** Problem requirements **
The expected output is an exact copy of the lines from the one containing "SMALL YENKY BAG" through the final line of the entries below, with no images.

-------- Listed entries --------

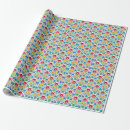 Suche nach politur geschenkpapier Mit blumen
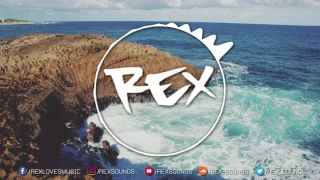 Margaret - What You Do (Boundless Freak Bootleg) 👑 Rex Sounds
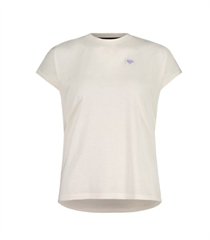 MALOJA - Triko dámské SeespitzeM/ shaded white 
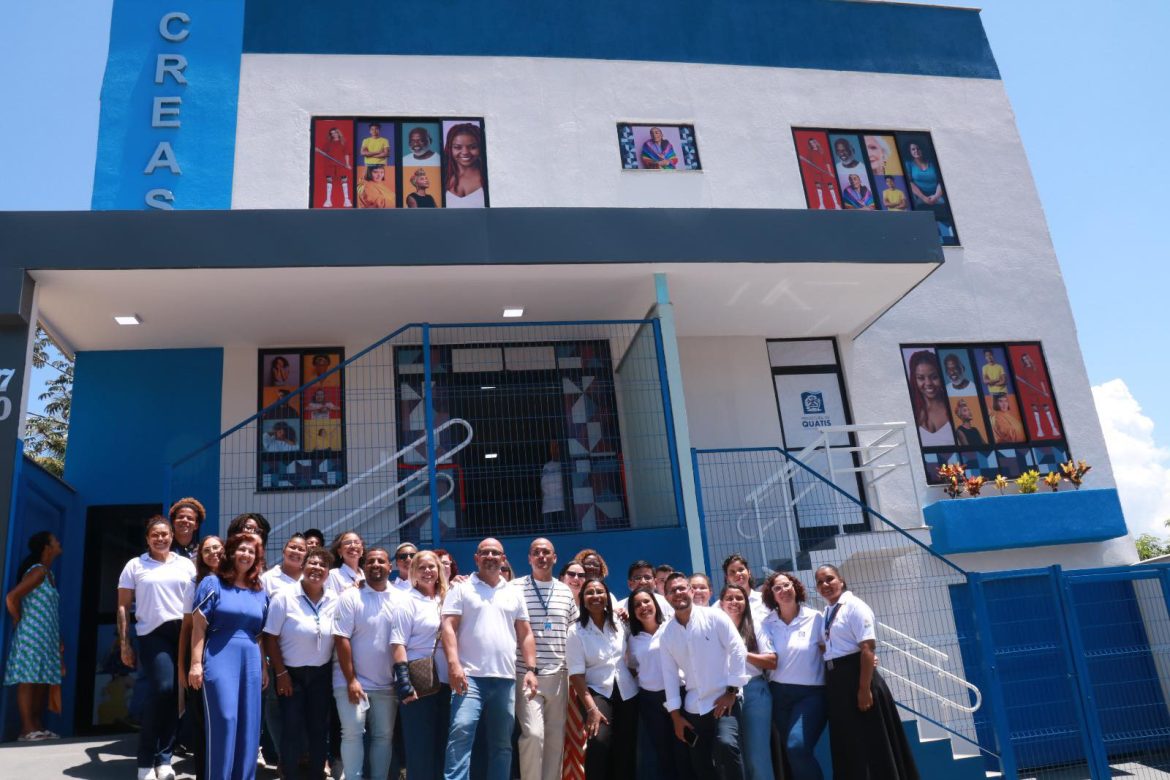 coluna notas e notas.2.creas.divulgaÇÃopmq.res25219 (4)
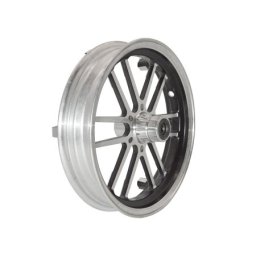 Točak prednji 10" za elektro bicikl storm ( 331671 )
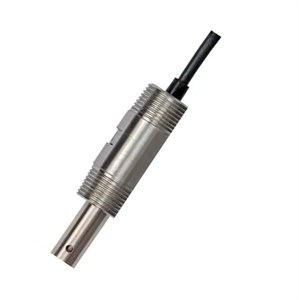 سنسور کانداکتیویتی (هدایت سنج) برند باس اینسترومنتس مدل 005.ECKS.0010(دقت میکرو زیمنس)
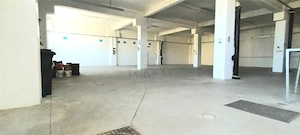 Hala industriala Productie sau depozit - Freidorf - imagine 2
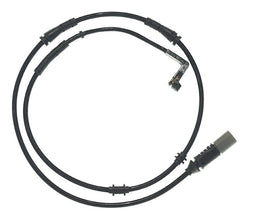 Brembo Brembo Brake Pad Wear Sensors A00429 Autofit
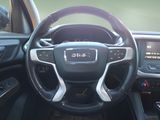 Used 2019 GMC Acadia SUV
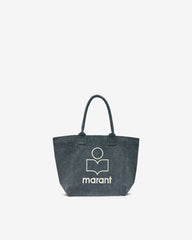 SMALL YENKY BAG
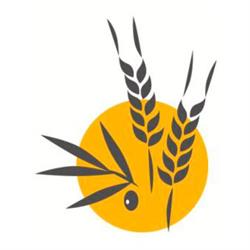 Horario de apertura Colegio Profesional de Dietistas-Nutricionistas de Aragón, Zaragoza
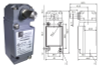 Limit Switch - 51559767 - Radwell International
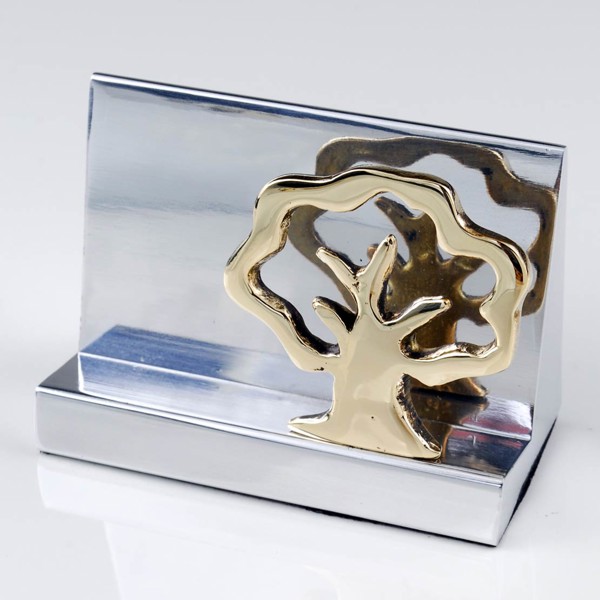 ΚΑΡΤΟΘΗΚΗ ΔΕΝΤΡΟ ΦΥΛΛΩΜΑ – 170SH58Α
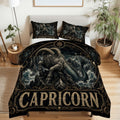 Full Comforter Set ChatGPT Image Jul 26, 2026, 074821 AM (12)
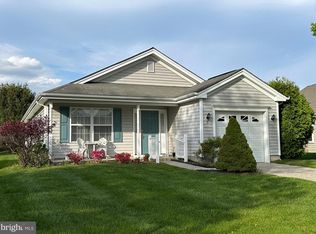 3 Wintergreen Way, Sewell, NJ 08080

--------

** Answer **
 SMALL YENKY BAG
 Horario de apertura Colegio Profesional de Dietistas-Nutricionistas de Aragón, Zaragoza
 Limit Switch - 51559767 - Radwell International
 ΚΑΡΤΟΘΗΚΗ ΔΕΝΤΡΟ ΦΥΛΛΩΜΑ – 170SH58Α
 Full Comforter Set ChatGPT Image Jul 26, 2026, 074821 AM (12)
 3 Wintergreen Way, Sewell, NJ 08080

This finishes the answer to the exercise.